CH-8 Tidak bisa lari

Elsa sedang ada diruang keluarga, kedua putrinya sudah tidur. Suaminya pulang larut malam ini. Terdengar handphonenya berbunyi, ada panggilan dari mantan suaminya, James. Tumben sekali James menelponnya.

“Halo, James,” ucap Elsa.

“Apa kau sedang sibuk?” tanya James.

“Tidak, anak-anak sudah tidur, ada apa?” tanya Elsa.

“Apa Mac pulang kerumahmu?” tanya Mac.

“Tidak, memangnya kenapa?” tanya Elsa, dia langsung saja merasa khawatir.

James terdiam sesaat, kalau tidak dirumah Elsa, pergi kemana putranya itu?

“Aku dapat kabar dari WO kalau barang-barang istrinya masih ada di kamar hotelnya tapi mereka sudah chek out,”jawab James.

“Kenapa bisa begitu? Kalau mereka chek out masa barang-barangnya tidak dibawa?” tanya Elsa bingung.

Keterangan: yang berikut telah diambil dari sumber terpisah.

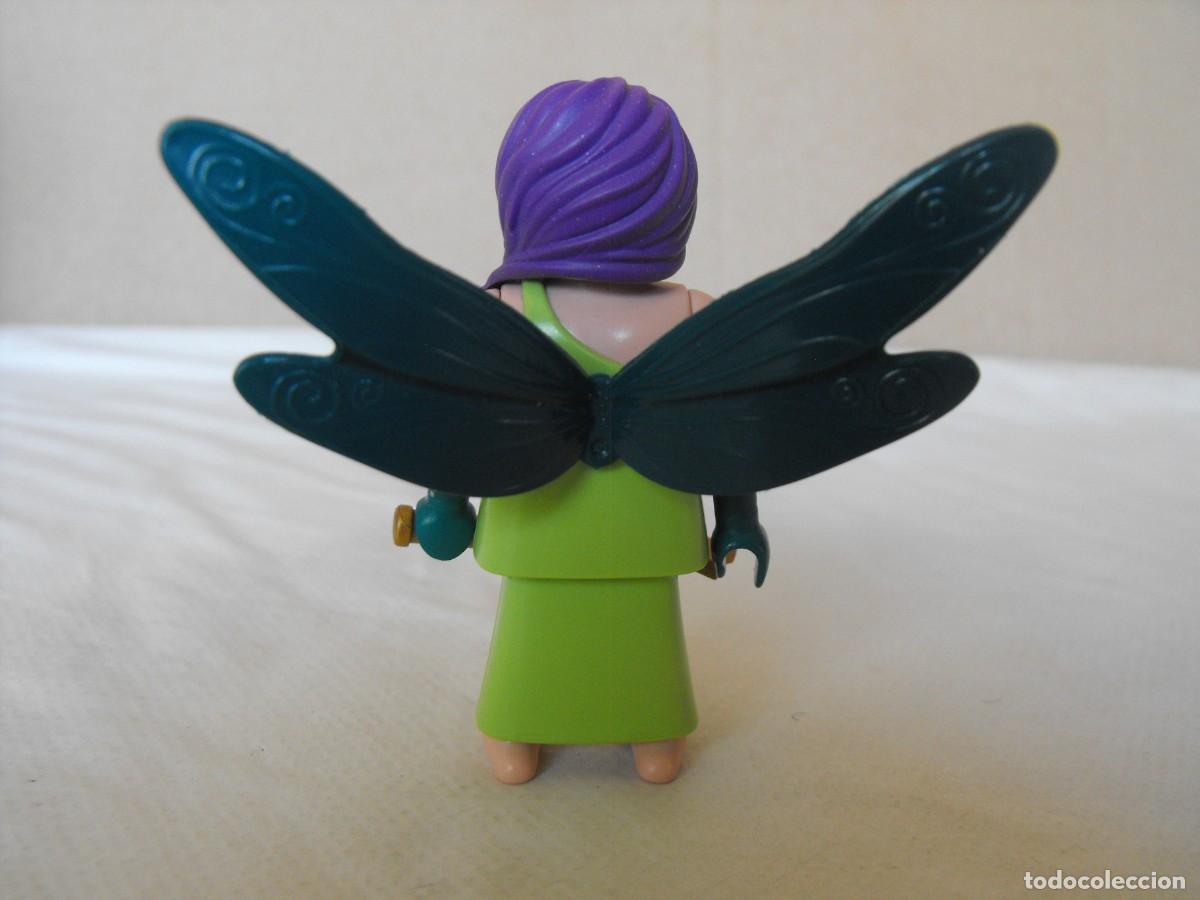 Playmobil: PLAYMOBIL. Figura de hada. - Foto 3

“Maka dari itu aku bingung, kemana mereka? Aku sudah menelpon Mac tapi tidak aktif,” tanya James.

“Aku jadi merasa khawatir,” ucap Elsa.

“Coba nanti aku cari tahu kemana mereka,” kata James. Tidak berapa lama telponpoun ditutup.

“Ada apa?” tiba-tiba terdengar suara Edward muncul dipintu.

“Sayang, kau sudah pulang, aku tidak mendengar suara mobilmu,” kata Elsa, sambil berdiri menghampiri suaminya.

Edward mendekatinya dan memeluknya.

“Apakah anak-anak sudah tidur?” tanyanya, sambil mencium pipi istrinya.

“Sudah, tadi ada James menelpon,” jawab Elsa.

“Ada apa?” tanya Edward, masih memeluk erat istrinya.

“Katanya barang-barang istrinya Mac masih ada di hotel, jadi James mengira Mac pulang kesini,” jawab Elsa.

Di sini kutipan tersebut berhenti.